ABOUT THIS TASK
Copy out, unchanged, every line from the start of the records to the line that contains "image:imageGiantex Rectangle Wood", and stop there.

INPUT DATA
-*-*-
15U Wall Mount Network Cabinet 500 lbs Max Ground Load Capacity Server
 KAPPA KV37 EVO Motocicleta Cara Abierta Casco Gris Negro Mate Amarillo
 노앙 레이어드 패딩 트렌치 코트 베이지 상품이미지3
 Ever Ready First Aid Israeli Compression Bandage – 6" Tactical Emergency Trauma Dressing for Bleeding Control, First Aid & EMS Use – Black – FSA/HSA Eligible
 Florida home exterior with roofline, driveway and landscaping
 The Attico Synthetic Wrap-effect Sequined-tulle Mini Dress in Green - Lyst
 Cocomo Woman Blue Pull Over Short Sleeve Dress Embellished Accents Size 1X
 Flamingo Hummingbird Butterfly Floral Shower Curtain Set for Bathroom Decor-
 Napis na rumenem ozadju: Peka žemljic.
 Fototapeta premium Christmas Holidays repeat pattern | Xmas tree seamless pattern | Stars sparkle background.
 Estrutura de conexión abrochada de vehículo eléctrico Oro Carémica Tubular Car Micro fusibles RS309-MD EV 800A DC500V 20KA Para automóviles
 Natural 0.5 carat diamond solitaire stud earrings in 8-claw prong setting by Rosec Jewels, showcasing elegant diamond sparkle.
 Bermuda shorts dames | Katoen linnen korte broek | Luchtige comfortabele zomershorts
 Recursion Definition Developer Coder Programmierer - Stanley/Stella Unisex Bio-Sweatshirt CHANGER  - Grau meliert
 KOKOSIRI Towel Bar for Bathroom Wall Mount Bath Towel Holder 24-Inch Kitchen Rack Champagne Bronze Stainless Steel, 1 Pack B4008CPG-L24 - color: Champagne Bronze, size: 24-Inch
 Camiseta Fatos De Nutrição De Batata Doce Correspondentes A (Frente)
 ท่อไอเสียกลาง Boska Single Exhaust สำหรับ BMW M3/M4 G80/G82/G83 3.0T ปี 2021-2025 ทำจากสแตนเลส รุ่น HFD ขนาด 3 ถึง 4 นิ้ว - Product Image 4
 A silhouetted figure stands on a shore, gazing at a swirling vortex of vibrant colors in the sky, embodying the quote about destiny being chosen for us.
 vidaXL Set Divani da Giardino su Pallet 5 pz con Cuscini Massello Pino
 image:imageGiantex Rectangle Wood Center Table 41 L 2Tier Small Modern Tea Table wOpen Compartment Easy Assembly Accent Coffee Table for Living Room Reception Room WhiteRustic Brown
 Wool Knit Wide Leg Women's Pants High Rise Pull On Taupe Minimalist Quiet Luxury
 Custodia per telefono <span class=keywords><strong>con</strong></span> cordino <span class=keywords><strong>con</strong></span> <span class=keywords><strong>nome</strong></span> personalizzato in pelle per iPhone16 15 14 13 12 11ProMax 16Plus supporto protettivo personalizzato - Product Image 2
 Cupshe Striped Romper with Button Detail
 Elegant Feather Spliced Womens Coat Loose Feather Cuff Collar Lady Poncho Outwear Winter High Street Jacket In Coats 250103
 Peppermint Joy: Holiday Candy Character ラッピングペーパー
-*-*-
EXERCISE OUTPUT
15U Wall Mount Network Cabinet 500 lbs Max Ground Load Capacity Server
 KAPPA KV37 EVO Motocicleta Cara Abierta Casco Gris Negro Mate Amarillo
 노앙 레이어드 패딩 트렌치 코트 베이지 상품이미지3
 Ever Ready First Aid Israeli Compression Bandage – 6" Tactical Emergency Trauma Dressing for Bleeding Control, First Aid & EMS Use – Black – FSA/HSA Eligible
 Florida home exterior with roofline, driveway and landscaping
 The Attico Synthetic Wrap-effect Sequined-tulle Mini Dress in Green - Lyst
 Cocomo Woman Blue Pull Over Short Sleeve Dress Embellished Accents Size 1X
 Flamingo Hummingbird Butterfly Floral Shower Curtain Set for Bathroom Decor-
 Napis na rumenem ozadju: Peka žemljic.
 Fototapeta premium Christmas Holidays repeat pattern | Xmas tree seamless pattern | Stars sparkle background.
 Estrutura de conexión abrochada de vehículo eléctrico Oro Carémica Tubular Car Micro fusibles RS309-MD EV 800A DC500V 20KA Para automóviles
 Natural 0.5 carat diamond solitaire stud earrings in 8-claw prong setting by Rosec Jewels, showcasing elegant diamond sparkle.
 Bermuda shorts dames | Katoen linnen korte broek | Luchtige comfortabele zomershorts
 Recursion Definition Developer Coder Programmierer - Stanley/Stella Unisex Bio-Sweatshirt CHANGER  - Grau meliert
 KOKOSIRI Towel Bar for Bathroom Wall Mount Bath Towel Holder 24-Inch Kitchen Rack Champagne Bronze Stainless Steel, 1 Pack B4008CPG-L24 - color: Champagne Bronze, size: 24-Inch
 Camiseta Fatos De Nutrição De Batata Doce Correspondentes A (Frente)
 ท่อไอเสียกลาง Boska Single Exhaust สำหรับ BMW M3/M4 G80/G82/G83 3.0T ปี 2021-2025 ทำจากสแตนเลส รุ่น HFD ขนาด 3 ถึง 4 นิ้ว - Product Image 4
 A silhouetted figure stands on a shore, gazing at a swirling vortex of vibrant colors in the sky, embodying the quote about destiny being chosen for us.
 vidaXL Set Divani da Giardino su Pallet 5 pz con Cuscini Massello Pino
 image:imageGiantex Rectangle Wood Center Table 41 L 2Tier Small Modern Tea Table wOpen Compartment Easy Assembly Accent Coffee Table for Living Room Reception Room WhiteRustic Brown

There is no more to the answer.